[Opening INPUT section]

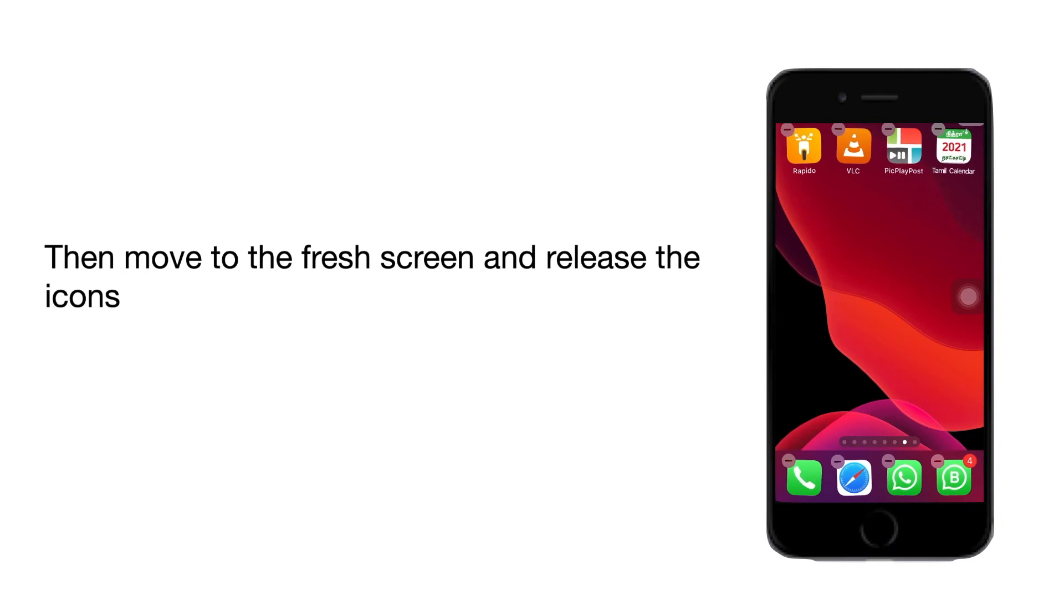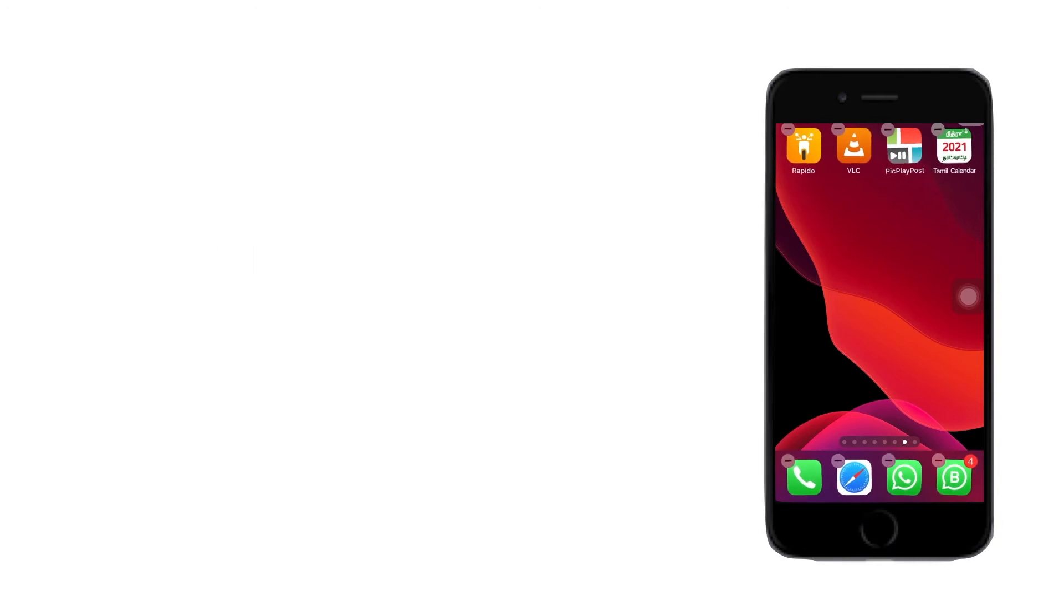This is how you can move all the apps at once from one home screen to another home screen. For more iPhone hacks, please subscribe to our channel. Thank you.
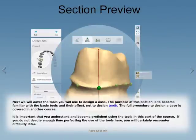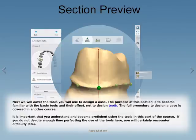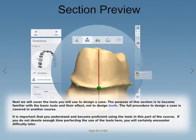Next, we will cover the tools you will use to design a case. The purpose of this section is to become familiar with the basic tools and their effect, not to design teeth. The full procedure to design a case is covered in another course. It is important that you understand and become proficient using the tools in this part of the course. If you do not devote enough time perfecting the use of the tools here, you will certainly encounter difficulty later.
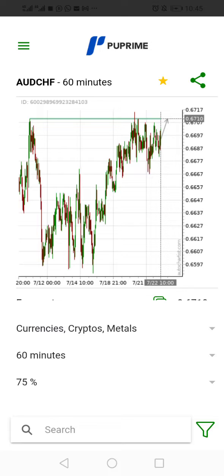The next thing you need to do is open an account with us to have access to this software. Click on the link — I'll have dropped the registration link after this video. Click on it, open a live account, verify your account by providing your documents, fund your account, and you can have access to the Auto Chartist software.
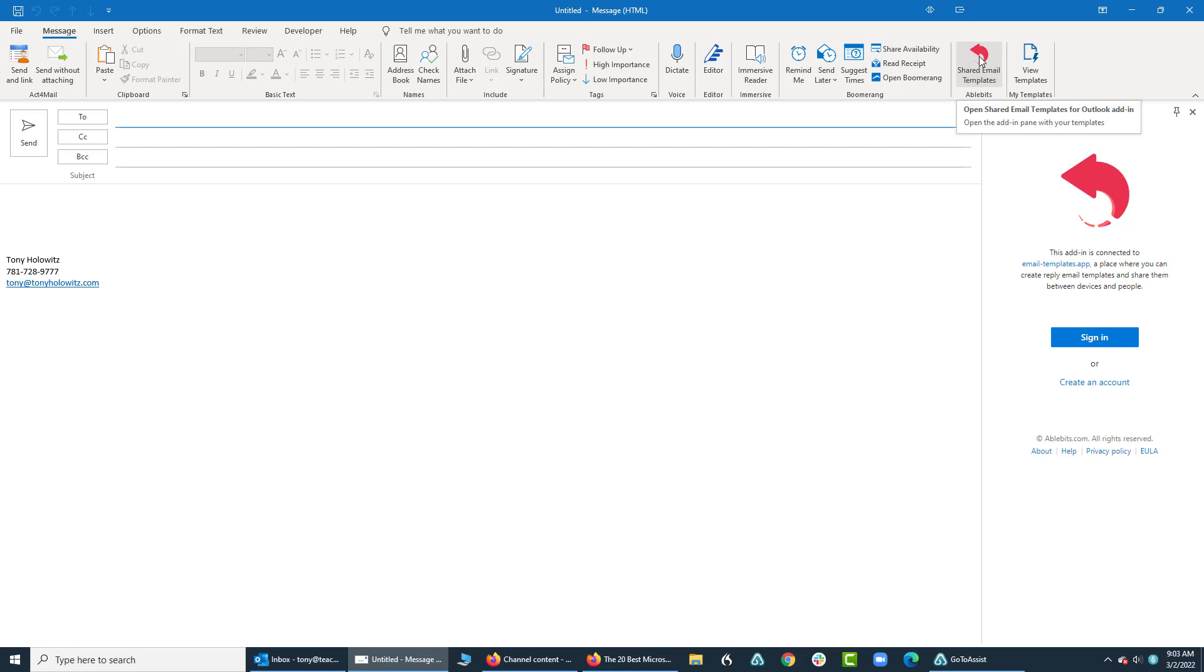Ladies and gentlemen, all I want to do with this tutorial is expose you to some of the things that are available to you as a Microsoft Outlook user, and I hope you find this helpful. Thank you so very much, you have a great day, bye now.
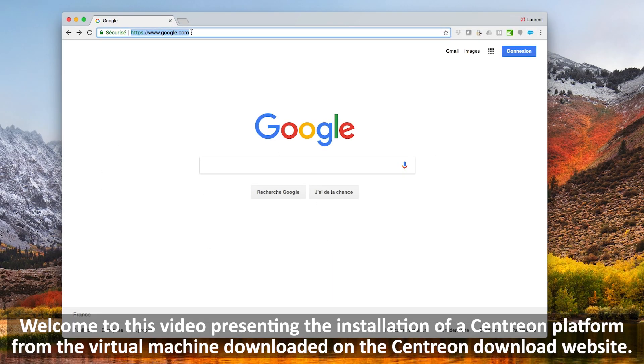Welcome to this tutorial presenting the installation of a Centreon platform from the virtual machine downloaded on the Centreon download website.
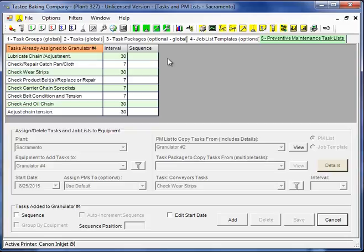This concludes part 1 of PM configuration. In part 2, I'll get into task packages, jobless templates, and some other details including setting up sequences.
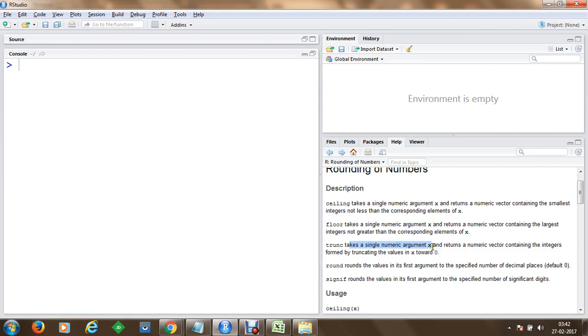Truncate takes a single numeric argument, returns a vector, and it contains integers formed by truncating the values in x towards zero.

[Closing INPUT section]

* WHAT TO DO:
Write out the data above in full and exactly, but without the pictures.

* ANSWER SPACE:
This is how you can move all the apps at once from one home screen to another home screen. For more iPhone hacks, please subscribe to our channel. Thank you.
Next, we will cover the tools you will use to design a case. The purpose of this section is to become familiar with the basic tools and their effect, not to design teeth. The full procedure to design a case is covered in another course. It is important that you understand and become proficient using the tools in this part of the course. If you do not devote enough time perfecting the use of the tools here, you will certainly encounter difficulty later.
The next thing you need to do is open an account with us to have access to this software. Click on the link — I'll have dropped the registration link after this video. Click on it, open a live account, verify your account by providing your documents, fund your account, and you can have access to the Auto Chartist software.
Ladies and gentlemen, all I want to do with this tutorial is expose you to some of the things that are available to you as a Microsoft Outlook user, and I hope you find this helpful. Thank you so very much, you have a great day, bye now.
Welcome to this tutorial presenting the installation of a Centreon platform from the virtual machine downloaded on the Centreon download website.
This concludes part 1 of PM configuration. In part 2, I'll get into task packages, jobless templates, and some other details including setting up sequences.
Truncate takes a single numeric argument, returns a vector, and it contains integers formed by truncating the values in x towards zero.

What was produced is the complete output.